Dormía con uno, gemía por el otro. El amor me sabía a culpa. El deseo, la suciedad.
Y lo peor es que empecé a necesitarlo.
Ya no eran cosas. Era dinero.
Le sacaba billetes a mi novio del cajón, de la billetera, del pantalón cuando se metía a bañar. Decía que era para la uni, para unas amigas, para la mensualidad de un curso que no existía. Él me creía todo. Me abrazaba, me decía que confiaba en mí. Qué pendejo.
El obrero nunca preguntaba cómo lo conseguía. Solo estiraba la mano.
Esa tarde me llevó a un carro abandonado, en un descampado lleno de tierra y basura. Tenía los vidrios rotos, los asientos rotos, todo estaba podrido. Me abrió la puerta trasera, me empujó sin mirarme.
—Te ves más puta cuando traes plata —me dijo.
Me reí. Pero mi risa ya no tenía alegría.
Le pedí que esta vez fuera distinto. Que me besara. Que fuéramos más lento. Que no me usara así.

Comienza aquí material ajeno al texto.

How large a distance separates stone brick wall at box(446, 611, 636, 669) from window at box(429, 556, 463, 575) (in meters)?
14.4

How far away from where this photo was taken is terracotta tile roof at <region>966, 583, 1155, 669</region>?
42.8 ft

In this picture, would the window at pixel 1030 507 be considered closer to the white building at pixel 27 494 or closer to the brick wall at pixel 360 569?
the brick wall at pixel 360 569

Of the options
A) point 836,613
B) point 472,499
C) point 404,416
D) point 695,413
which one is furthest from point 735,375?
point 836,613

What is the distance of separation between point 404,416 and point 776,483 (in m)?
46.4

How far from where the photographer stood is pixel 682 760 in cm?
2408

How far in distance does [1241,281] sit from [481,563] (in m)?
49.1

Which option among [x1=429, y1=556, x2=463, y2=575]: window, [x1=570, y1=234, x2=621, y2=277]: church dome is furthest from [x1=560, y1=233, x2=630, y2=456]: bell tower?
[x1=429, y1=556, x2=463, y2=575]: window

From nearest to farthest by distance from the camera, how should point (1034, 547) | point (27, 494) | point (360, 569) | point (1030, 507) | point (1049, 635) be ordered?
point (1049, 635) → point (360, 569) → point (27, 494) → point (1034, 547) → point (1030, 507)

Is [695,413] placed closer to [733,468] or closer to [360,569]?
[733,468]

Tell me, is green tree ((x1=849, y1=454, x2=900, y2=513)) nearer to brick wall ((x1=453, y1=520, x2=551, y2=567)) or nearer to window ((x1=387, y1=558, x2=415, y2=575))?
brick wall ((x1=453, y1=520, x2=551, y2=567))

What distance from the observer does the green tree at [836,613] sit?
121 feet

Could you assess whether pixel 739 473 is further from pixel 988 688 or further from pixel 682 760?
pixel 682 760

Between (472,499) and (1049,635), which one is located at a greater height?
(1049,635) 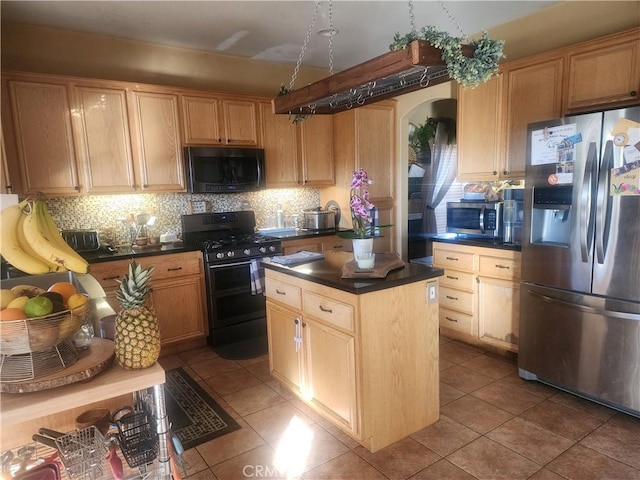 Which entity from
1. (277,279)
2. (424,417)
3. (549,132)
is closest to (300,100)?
(277,279)

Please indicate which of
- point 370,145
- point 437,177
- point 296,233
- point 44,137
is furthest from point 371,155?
point 44,137

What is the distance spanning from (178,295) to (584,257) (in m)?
3.20

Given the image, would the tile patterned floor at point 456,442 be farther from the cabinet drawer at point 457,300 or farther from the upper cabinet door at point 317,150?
the upper cabinet door at point 317,150

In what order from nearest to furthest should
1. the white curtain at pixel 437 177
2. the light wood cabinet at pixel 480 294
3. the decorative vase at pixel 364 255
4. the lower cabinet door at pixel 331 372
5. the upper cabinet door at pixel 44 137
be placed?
the lower cabinet door at pixel 331 372
the decorative vase at pixel 364 255
the upper cabinet door at pixel 44 137
the light wood cabinet at pixel 480 294
the white curtain at pixel 437 177

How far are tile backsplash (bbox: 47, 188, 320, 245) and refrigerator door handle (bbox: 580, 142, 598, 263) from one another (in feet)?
10.2

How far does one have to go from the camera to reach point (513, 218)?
354cm

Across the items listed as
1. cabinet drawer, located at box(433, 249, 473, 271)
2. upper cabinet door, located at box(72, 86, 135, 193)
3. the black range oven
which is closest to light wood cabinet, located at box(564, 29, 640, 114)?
cabinet drawer, located at box(433, 249, 473, 271)

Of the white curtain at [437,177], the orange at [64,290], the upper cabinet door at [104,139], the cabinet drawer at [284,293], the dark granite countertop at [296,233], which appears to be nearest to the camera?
the orange at [64,290]

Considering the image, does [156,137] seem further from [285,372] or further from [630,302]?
[630,302]

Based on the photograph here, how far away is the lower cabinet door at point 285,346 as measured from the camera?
2740 millimetres

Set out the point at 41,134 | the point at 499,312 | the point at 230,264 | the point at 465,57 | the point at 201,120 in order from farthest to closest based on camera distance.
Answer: the point at 201,120 < the point at 230,264 < the point at 499,312 < the point at 41,134 < the point at 465,57

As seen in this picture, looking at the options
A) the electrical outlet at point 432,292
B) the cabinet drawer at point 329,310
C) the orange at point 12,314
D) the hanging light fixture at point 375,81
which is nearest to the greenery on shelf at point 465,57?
the hanging light fixture at point 375,81

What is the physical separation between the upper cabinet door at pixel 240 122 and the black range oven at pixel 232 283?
0.85 meters

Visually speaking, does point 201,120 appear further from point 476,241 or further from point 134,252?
point 476,241
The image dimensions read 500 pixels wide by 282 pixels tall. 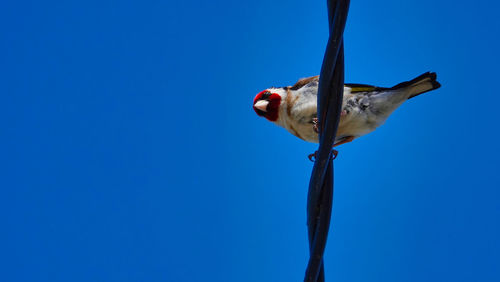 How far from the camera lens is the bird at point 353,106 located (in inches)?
184

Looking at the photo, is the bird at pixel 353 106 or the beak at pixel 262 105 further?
the beak at pixel 262 105

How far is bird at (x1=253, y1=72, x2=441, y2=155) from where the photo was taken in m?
4.68

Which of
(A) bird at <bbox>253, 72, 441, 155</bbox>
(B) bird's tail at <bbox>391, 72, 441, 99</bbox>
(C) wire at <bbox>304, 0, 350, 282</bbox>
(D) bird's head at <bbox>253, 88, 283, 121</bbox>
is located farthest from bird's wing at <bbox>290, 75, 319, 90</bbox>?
(C) wire at <bbox>304, 0, 350, 282</bbox>

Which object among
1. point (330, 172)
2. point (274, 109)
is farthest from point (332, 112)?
point (274, 109)

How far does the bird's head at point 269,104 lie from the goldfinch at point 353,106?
2.4 inches

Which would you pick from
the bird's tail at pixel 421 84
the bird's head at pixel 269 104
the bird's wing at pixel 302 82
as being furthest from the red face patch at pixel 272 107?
the bird's tail at pixel 421 84

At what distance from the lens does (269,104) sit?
5547 millimetres

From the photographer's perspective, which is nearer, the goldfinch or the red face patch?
the goldfinch

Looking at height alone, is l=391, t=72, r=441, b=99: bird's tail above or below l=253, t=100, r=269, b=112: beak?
below

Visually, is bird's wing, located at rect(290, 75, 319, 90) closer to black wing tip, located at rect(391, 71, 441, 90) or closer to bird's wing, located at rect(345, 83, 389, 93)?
bird's wing, located at rect(345, 83, 389, 93)

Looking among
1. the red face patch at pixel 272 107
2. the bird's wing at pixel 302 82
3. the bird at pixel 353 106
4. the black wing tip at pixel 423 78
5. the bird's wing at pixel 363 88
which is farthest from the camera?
the red face patch at pixel 272 107

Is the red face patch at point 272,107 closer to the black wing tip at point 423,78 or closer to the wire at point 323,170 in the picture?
the black wing tip at point 423,78

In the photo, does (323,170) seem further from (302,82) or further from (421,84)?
(302,82)

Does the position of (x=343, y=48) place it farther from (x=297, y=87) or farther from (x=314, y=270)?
(x=297, y=87)
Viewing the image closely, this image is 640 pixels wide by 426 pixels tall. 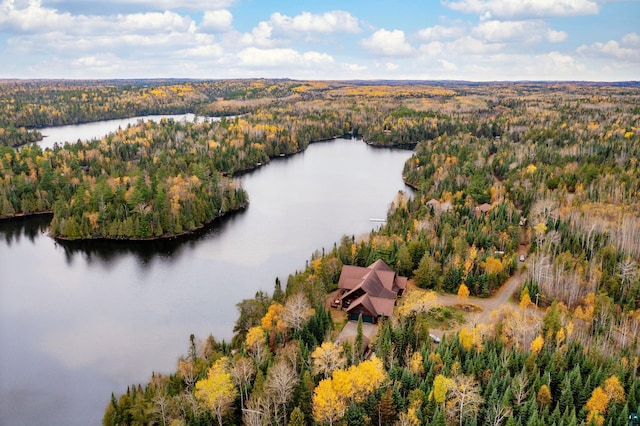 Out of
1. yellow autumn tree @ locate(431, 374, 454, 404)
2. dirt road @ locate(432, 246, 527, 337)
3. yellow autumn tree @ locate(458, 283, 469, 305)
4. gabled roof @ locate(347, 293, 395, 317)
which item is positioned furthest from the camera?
yellow autumn tree @ locate(458, 283, 469, 305)

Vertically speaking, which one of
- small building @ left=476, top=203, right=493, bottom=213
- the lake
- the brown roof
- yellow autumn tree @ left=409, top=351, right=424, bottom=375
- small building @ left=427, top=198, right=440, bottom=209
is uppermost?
small building @ left=427, top=198, right=440, bottom=209

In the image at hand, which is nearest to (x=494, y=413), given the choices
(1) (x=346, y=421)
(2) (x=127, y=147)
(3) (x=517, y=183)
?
(1) (x=346, y=421)

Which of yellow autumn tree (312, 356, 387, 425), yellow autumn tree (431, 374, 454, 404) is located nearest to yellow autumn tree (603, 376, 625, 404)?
yellow autumn tree (431, 374, 454, 404)

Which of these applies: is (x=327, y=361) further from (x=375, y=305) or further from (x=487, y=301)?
(x=487, y=301)

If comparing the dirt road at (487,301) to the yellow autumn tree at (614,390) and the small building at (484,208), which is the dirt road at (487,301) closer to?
the yellow autumn tree at (614,390)

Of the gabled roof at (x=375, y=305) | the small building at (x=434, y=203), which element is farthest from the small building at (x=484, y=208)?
the gabled roof at (x=375, y=305)

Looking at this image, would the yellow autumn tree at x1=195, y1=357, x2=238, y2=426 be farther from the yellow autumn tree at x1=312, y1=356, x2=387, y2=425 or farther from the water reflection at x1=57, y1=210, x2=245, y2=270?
the water reflection at x1=57, y1=210, x2=245, y2=270
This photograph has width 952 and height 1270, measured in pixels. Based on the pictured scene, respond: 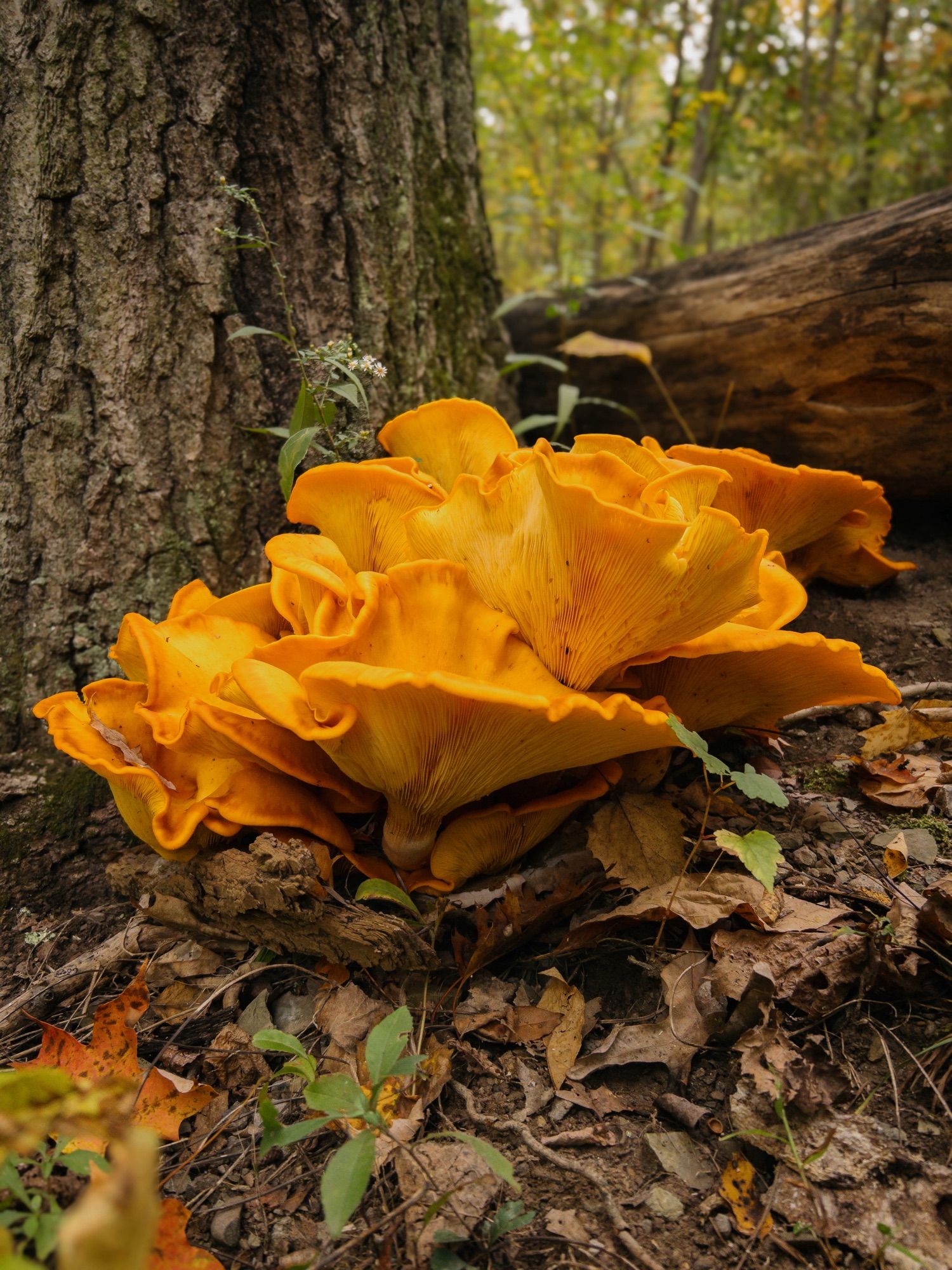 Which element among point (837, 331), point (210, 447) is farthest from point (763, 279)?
point (210, 447)

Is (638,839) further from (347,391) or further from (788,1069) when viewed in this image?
(347,391)

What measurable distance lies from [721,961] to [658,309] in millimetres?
3358

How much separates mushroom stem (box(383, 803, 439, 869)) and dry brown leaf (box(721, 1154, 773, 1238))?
39.7 inches

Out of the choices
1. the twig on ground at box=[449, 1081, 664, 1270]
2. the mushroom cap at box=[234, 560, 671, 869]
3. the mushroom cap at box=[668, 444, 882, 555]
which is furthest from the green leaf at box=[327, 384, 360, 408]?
the twig on ground at box=[449, 1081, 664, 1270]

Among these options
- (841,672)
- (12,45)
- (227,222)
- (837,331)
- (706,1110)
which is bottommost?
(706,1110)

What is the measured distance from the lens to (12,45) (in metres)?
2.67

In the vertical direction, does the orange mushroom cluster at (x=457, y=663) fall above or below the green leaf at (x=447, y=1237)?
above

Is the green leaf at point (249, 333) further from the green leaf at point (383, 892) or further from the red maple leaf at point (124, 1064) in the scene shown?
the red maple leaf at point (124, 1064)

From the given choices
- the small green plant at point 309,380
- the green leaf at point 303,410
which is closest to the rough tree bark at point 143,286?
the small green plant at point 309,380

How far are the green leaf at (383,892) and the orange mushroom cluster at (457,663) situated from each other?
0.11 meters

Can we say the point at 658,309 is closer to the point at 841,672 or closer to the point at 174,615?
the point at 841,672

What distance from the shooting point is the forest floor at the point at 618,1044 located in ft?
5.06

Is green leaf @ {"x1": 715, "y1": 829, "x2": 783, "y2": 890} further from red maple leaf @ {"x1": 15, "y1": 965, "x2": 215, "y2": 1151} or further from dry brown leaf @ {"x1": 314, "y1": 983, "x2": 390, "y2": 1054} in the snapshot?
red maple leaf @ {"x1": 15, "y1": 965, "x2": 215, "y2": 1151}

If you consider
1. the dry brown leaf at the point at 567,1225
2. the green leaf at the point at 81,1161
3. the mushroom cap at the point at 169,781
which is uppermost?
the mushroom cap at the point at 169,781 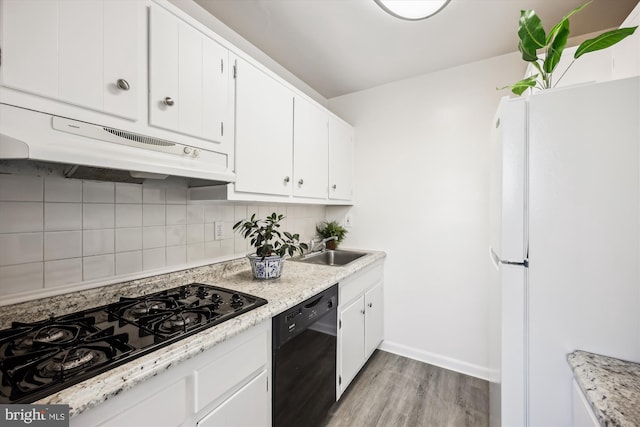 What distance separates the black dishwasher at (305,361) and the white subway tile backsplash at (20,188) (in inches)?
40.9

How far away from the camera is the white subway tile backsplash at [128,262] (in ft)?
3.95

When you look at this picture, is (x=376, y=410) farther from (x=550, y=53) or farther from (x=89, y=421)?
(x=550, y=53)

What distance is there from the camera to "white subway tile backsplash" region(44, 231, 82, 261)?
101 cm

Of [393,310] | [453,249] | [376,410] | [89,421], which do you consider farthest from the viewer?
[393,310]

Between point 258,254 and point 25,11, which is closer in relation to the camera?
point 25,11

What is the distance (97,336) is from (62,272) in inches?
17.6

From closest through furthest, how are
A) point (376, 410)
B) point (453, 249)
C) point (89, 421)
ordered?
1. point (89, 421)
2. point (376, 410)
3. point (453, 249)

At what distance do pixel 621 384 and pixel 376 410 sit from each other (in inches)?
53.6

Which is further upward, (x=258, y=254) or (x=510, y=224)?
(x=510, y=224)

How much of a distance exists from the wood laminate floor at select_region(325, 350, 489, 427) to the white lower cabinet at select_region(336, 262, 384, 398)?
13 centimetres

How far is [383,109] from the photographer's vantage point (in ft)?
8.23

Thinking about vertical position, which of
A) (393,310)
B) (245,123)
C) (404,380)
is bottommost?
(404,380)

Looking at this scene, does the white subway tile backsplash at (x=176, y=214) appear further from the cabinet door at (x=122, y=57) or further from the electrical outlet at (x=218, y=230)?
the cabinet door at (x=122, y=57)

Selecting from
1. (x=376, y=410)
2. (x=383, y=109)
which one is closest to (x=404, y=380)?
(x=376, y=410) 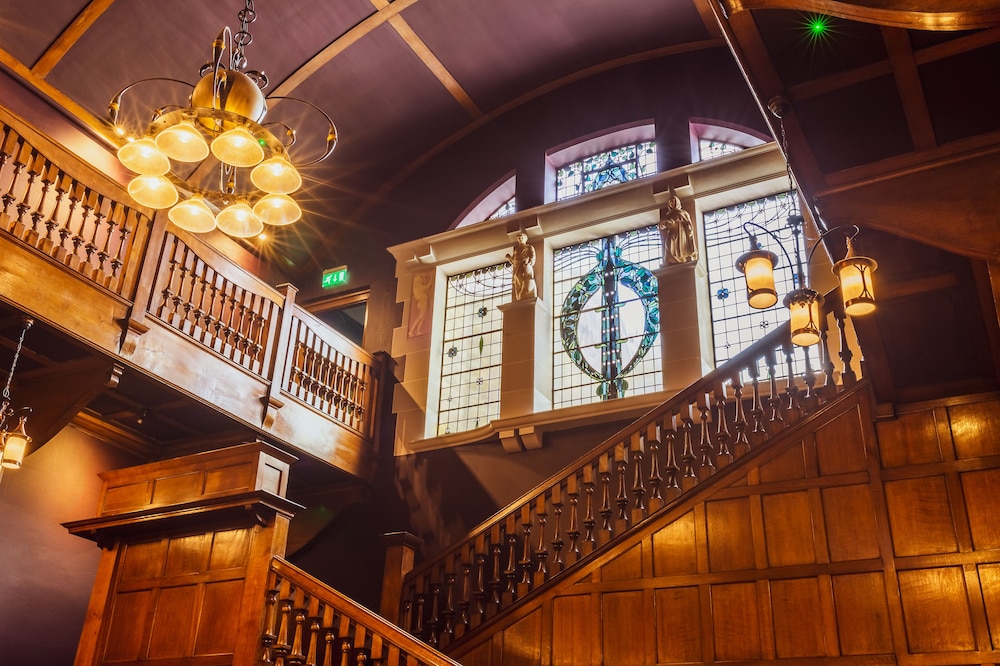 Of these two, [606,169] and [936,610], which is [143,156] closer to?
[936,610]

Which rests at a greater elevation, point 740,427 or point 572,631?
point 740,427

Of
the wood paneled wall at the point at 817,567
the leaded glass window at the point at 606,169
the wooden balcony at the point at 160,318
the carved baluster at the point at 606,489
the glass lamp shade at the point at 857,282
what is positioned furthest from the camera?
the leaded glass window at the point at 606,169

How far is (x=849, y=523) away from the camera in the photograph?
5562 mm

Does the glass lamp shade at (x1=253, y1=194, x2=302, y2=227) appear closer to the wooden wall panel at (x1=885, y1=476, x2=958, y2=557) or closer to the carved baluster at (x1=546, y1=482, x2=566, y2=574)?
the carved baluster at (x1=546, y1=482, x2=566, y2=574)

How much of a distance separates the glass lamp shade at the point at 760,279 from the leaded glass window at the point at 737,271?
12.1 feet

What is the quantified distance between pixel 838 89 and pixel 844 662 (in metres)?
3.24

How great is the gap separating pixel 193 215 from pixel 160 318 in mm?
1845

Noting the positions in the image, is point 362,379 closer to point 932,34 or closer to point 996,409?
point 996,409

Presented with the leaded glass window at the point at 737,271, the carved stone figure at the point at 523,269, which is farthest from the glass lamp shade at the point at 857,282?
the carved stone figure at the point at 523,269

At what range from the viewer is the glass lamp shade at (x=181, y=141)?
4922mm

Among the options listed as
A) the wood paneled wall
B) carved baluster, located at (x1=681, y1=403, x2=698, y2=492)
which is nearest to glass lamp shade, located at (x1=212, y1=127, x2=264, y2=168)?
carved baluster, located at (x1=681, y1=403, x2=698, y2=492)

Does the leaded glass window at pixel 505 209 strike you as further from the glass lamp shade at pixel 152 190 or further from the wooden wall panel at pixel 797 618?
the wooden wall panel at pixel 797 618

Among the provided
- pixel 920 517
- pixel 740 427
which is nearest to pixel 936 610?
pixel 920 517

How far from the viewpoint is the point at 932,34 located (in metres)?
3.44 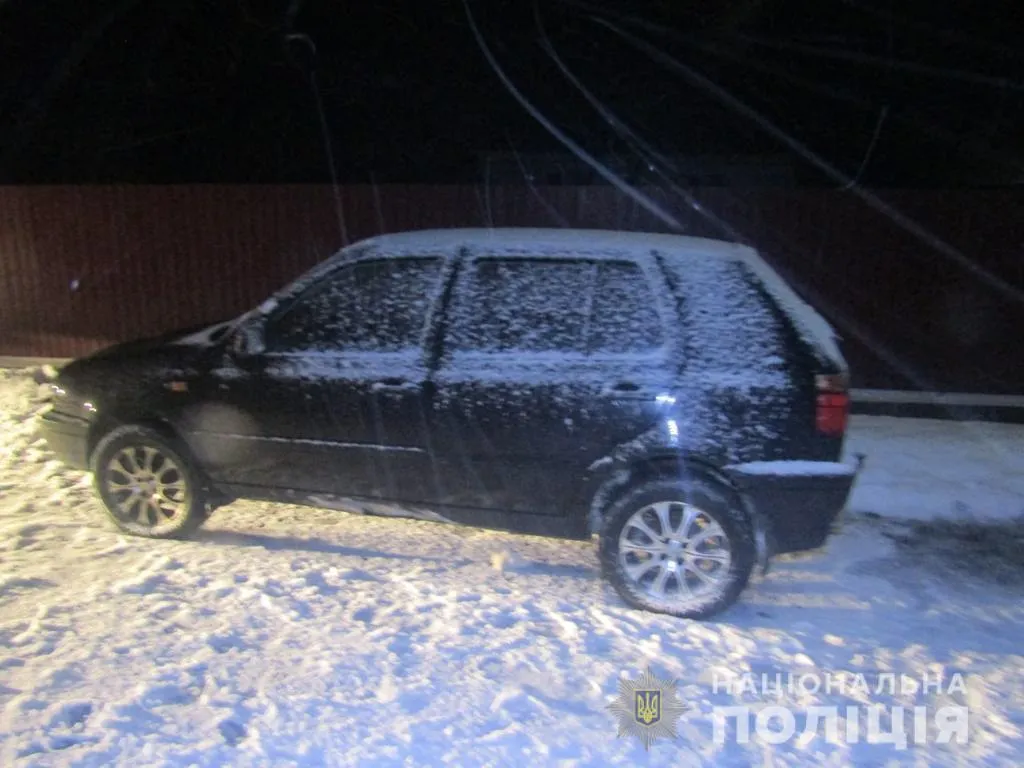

—Hazlo como si me quisieras… solo esta vez —le dije, casi suplicando.
Pero él ya me había puesto en cuatro.
Ni siquiera se bajó todo el pantalón. Solo abrió el cierre, me subió la falda y me bajó las bragas con un tirón. Me escupió en la entrada y me la metió de golpe, sin avisar, sin mirarme. Solo gemía, me agarraba de las caderas, me embestía con odio.
Y yo… yo no estaba seca.
No sé cómo, pero siempre me mojaba para él. Como si mi cuerpo lo esperara, aunque mi alma se estuviera partiendo.
Quise detenerlo. No lo hice.
Lo escuché venirse con un gruñido, y luego se subió los pantalones.
—Ya estuvo —dijo, y se bajó del carro.
Yo me quedé ahí, sola, con los muslos chorreando, la falda arrugada, las bragas enredadas en un tobillo. Me cubrí como pude. Me dieron ganas de vomitar. De desaparecer. Pero lo único que hice fue llorar.
Llorar bajito, con la cabeza contra el asiento sucio, con la dignidad hecha mierda.
Después fui donde mi novio.
Toqué la puerta con los ojos hinchados. Me abrió feliz, con una sonrisa de esas que ya no podía devolverle.
—¿Qué pasó, mi amor? —me dijo, preocupado.
—No sé… —mentí— He estado rara, ¿verdad? Distante… como si no fuera yo.
Él me abrazó fuerte. Me acarició el cabello. Me besó las lágrimas.
—No importa. Estoy contigo —me susurró.
Y yo, con el olor del otro todavía en mis muslos, le pedí perdón sin decirle por qué. Me quedé a dormir ahí. Me sentí limpia un rato. Pero al cerrar los ojos lo único que veía eran las manos del obrero.
Porque aunque me doliera admitirlo, lo que más me humillaba era seguir deseándolo.